2019-03-15T19:41:11.564Z        ERROR   jsontransform/jsonhelper.go:53  JSON: Won't overwrite @timestamp because of parsing error: parsing time "2019-03-15T19:41:07.175876+0000" as "2006-01-02T15:04:05Z07:00": cannot parse "+0000" as "Z07:00"

I use a template file where I define that the @timestamp field is a date:

{
    "mappings": {
        "doc": {
            "properties": {
                "layer": {
                    "type": "keyword"
                }, 
                "ip_addr": {
                    "type": "ip"
                }, 
                "string": {
                    "type": "text"
                }, 
                "service": {
                    "type": "keyword"
                }, 
                "@timestamp": {
                    "type": "date"
                }, 
                "parent_span_id": {
                    "index": "false", 
                    "type": "long"
                }, 
                "trace_type": {
                    "type": "keyword"
                }, 
                "trace_id": {
                    "type": "long"
                }, 
                "label": {
                    "type": "keyword"
                }, 
                "ip_port": {
                    "type": "long"
                }, 
                "instance": {
                    "type": "keyword"
                }, 
                "host": {
                    "type": "keyword"
                }, 
                "num": {
                    "type": "keyword"
                }, 
                "end_time": {
                    "type": "double"
                }, 
                "key": {
                    "type": "keyword"
                }, 
                "error": {
                    "type": "boolean"
                }, 
                "cancelled": {
                    "type": "boolean"
                }, 
                "path": {
                    "type": "text"
                }, 
                "span_id": {
                    "index": "false", 
                    "type": "long"
                }, 
                "start_time": {
                    "type": "double"
                }, 
                "op": {
                    "type": "keyword"
                }
            }
        }
    }, 
    "template": "app-traces-*", 
    "settings": {
        "index.refresh_interval": "30s"
    }
}

All 14 comments

I would think using format for the date field should solve this? https://www.elastic.co/guide/en/elasticsearch/reference/current/mapping-date-format.html

Closing this for now as I don't think it's a bug in Beats.
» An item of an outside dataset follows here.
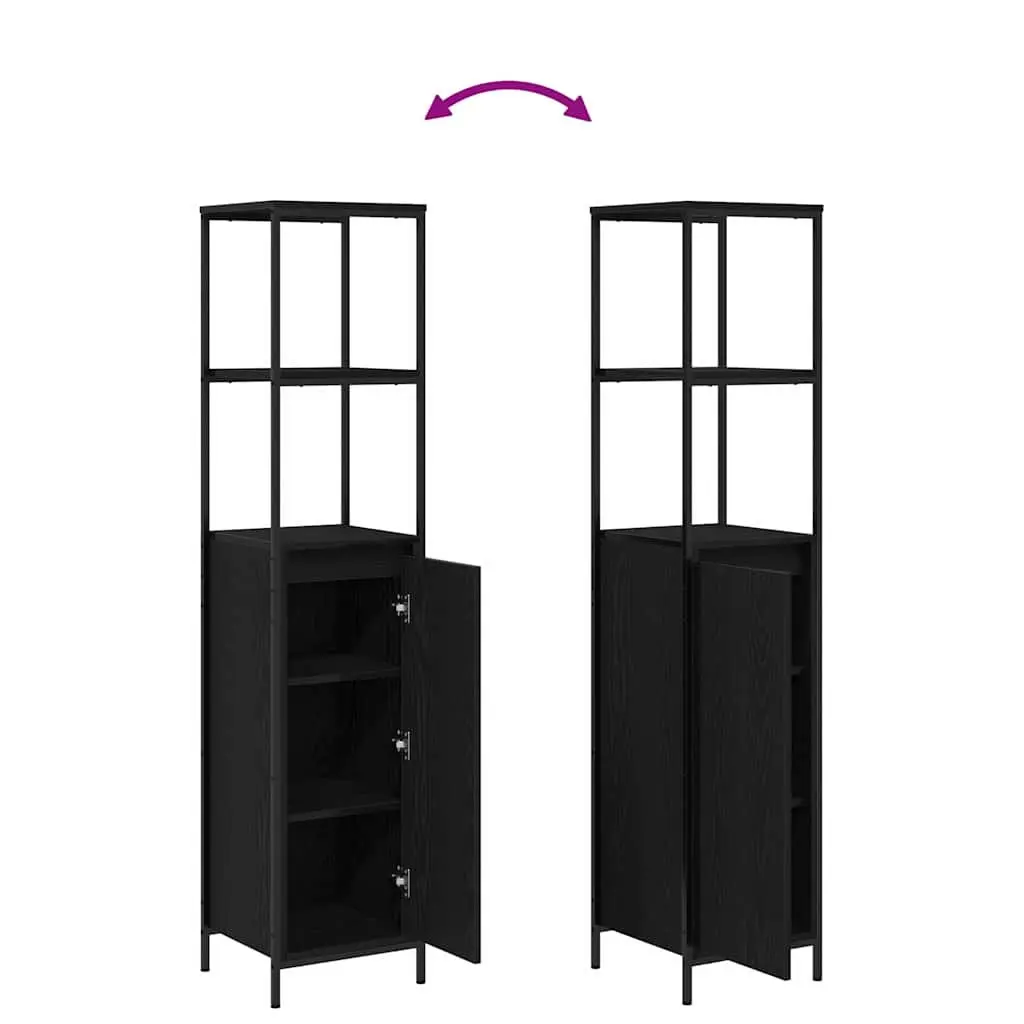 Bathroom Furniture Set 3 Piece Black Oak Vanity Storage Cabinet Unit Set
It does not work as it seems not possible to overwrite the date format.
see https://discuss.elastic.co/t/cannot-change-date-format-on-timestamp/172638

I now see that you try to overwrite the existing timestamp. We should probably rename this issue to "Allow to overwrite @timestamp with different format" or something similar.

As a work around, is it possible that you name it differently in your json log file and then use an ingest pipeline to remove the original timestamp (we often call it event.created) and move your timestamp to @timestamp. That is what we do in quite a few modules.

Hello,

Unfortunately no, it is not possible to change the code of the distributed sytem which populate the log files.
and it is even not possible to change the tools which use the elasticsearch datas as I do not control them (so renaming is not possible).
the log harvester has to grab the log lines and send it in the desired format to elasticsearch.
(I have the same problem with a "host" field in the log lines.
it is a regression as it worked very well in filebeat 5.x but I understand that the issue comes from elasticsearch and the mapping types.

right now, I am looking to write my own log parser and send datas directly to elasticsearch (I don't want to use logstash for numerous reasons) so I have one request,
could you write somewhere in the documentation the reserved field names we cannot overwrite (like @timestamp format, host field, etc..)?
It could save a lot of time to people trying to do something not possible.

additionally, pipelining ingestion is too ressource consuming,
I've too much datas and the time processing introduces too much latency for the treatment of the millions of log lines the application produces.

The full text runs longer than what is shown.